Nouvel étonnement lorsqu’on comprend qu’à l’emplacement des bâtiments qui suivent s’élevait un hôtel particulier où Marie-Madeleine de Castille et Nicolas Fouquet, célèbre surintendant des finances, vécurent de 1651 à 1658. Cet hôtel particulier a appartenu jusqu’en 1624 à la famille des Montmorency. Visiblement, cet îlot a dû faire l’objet de profonds remaniements.
Au bout du compte, nous arrivons au croisement avec la rue du Temple.
Nous entrons dans la rue des Haudriettes. Elle se nommait jadis rue de L’Échelle-du-Temple, en raison d’une échelle patibulaire, espèce de pilori ou carcan, qui s’y trouvait.
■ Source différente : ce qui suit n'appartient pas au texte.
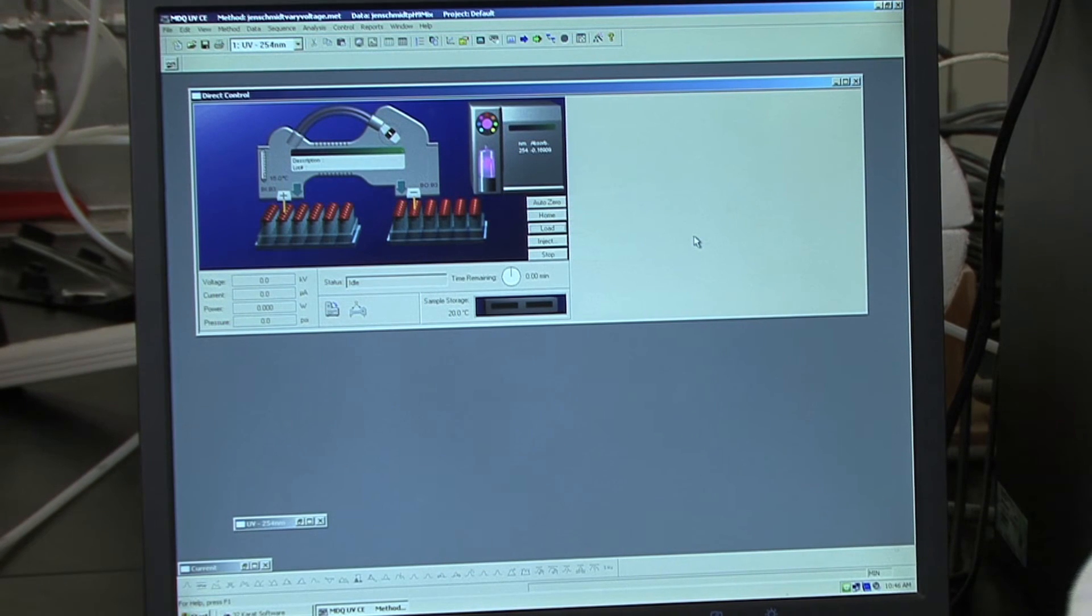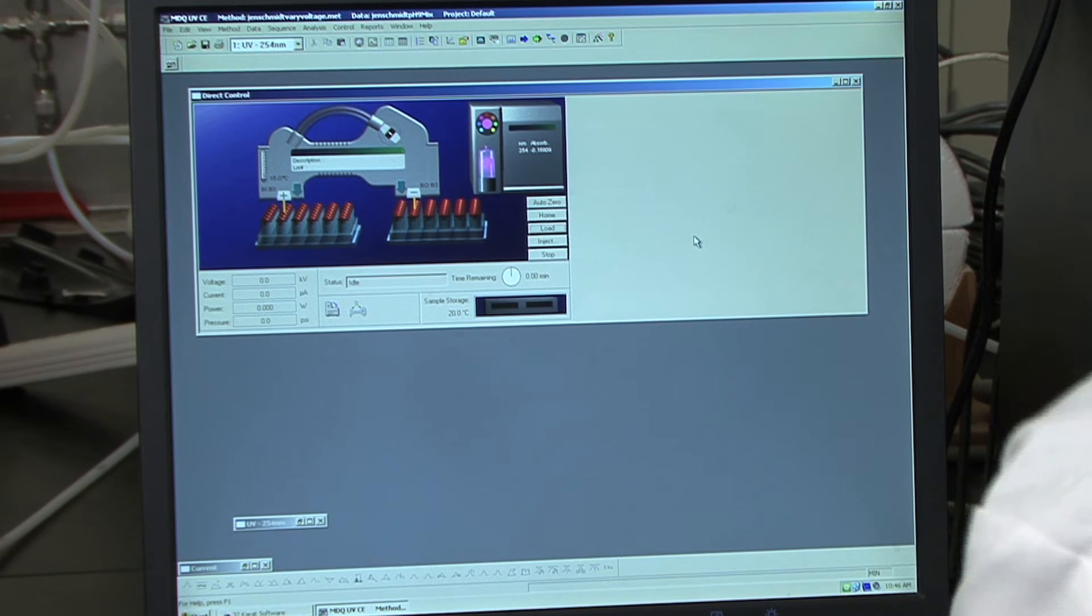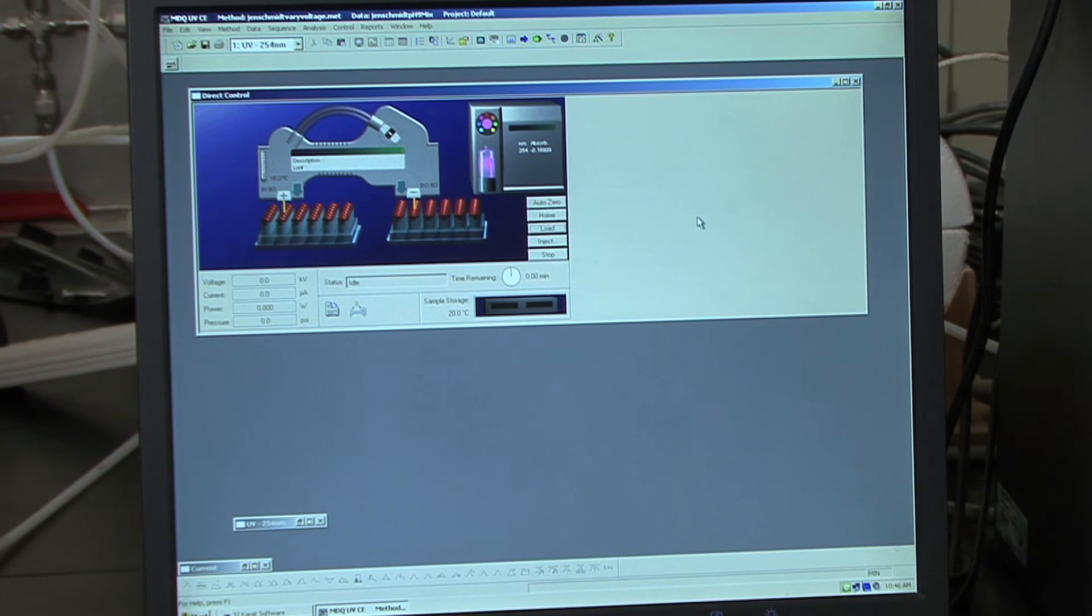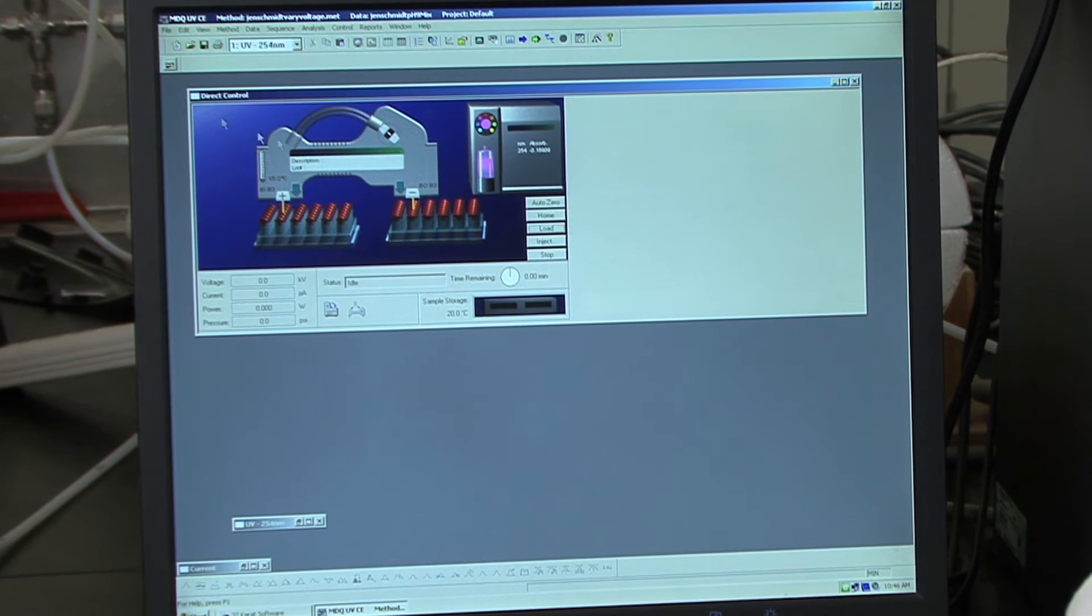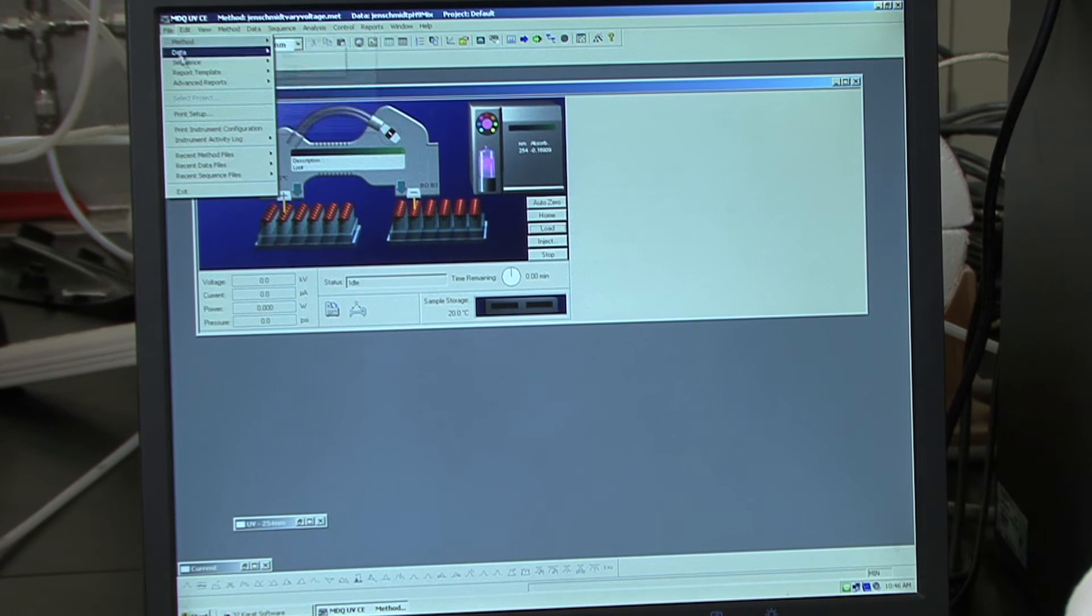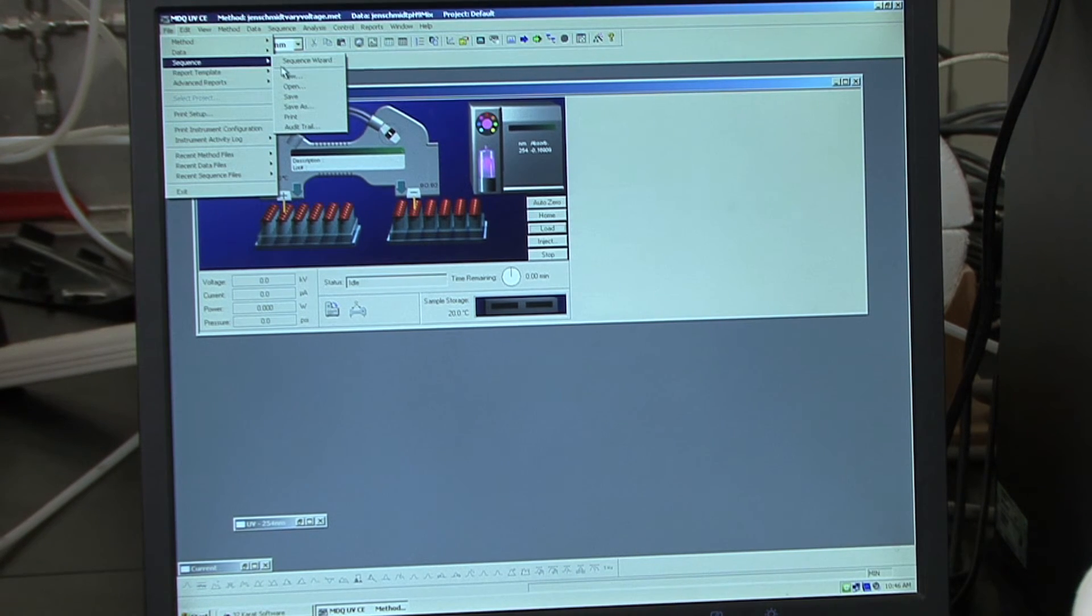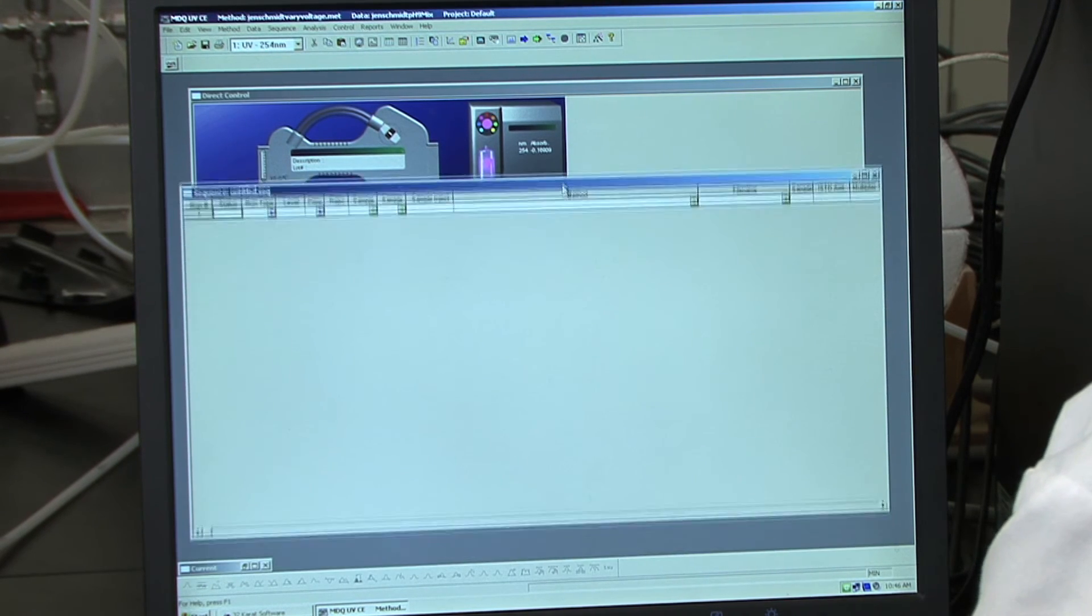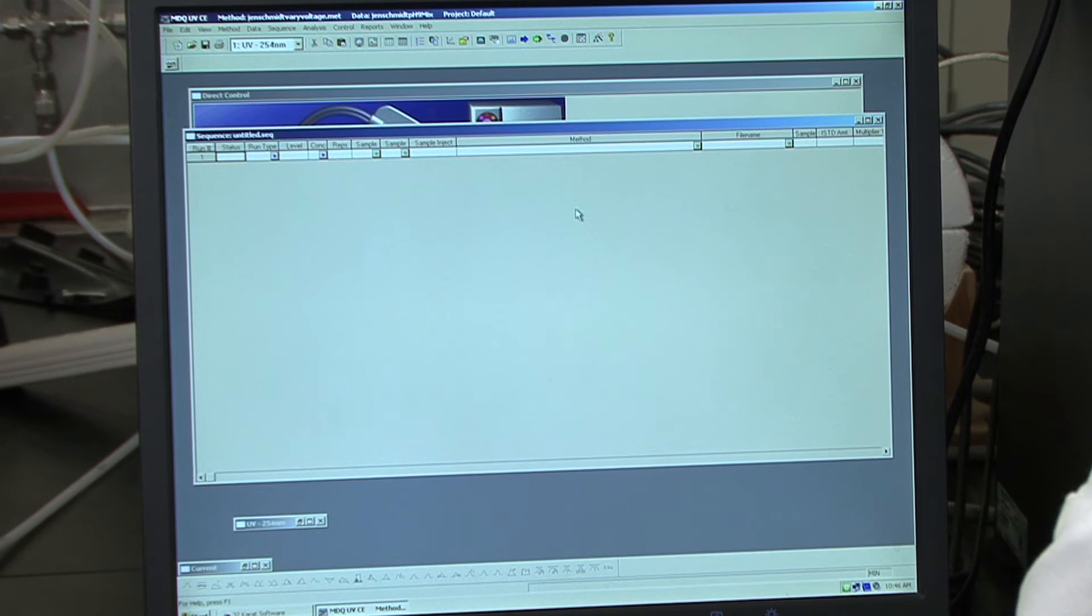Once your variable voltage method has finished running, and you have selected your optimum voltage, you can create your pH optimization sequence. So to do that, we are going to go to File, Sequence, New. And this will bring up a blank sequence window.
Le condamné, pour accéder au plancher où il était exposé aux quolibets du public, devait emprunter une échelle, d’où le nom. A l’époque de Mazarin, quelques jeunes seigneurs, excités par quelques shots, brûlèrent en chantant cet instrument. Le cardinal le rétablit sur-le-champ, et leur fit ainsi connaître son mécontentement : « Messieurs, si pareil scandale se renouvelle, vous payerez d’abord les frais de la reconstruction de l’échelle, et vous l’étrennerez ensuite ». Gageons que cela les refroidit.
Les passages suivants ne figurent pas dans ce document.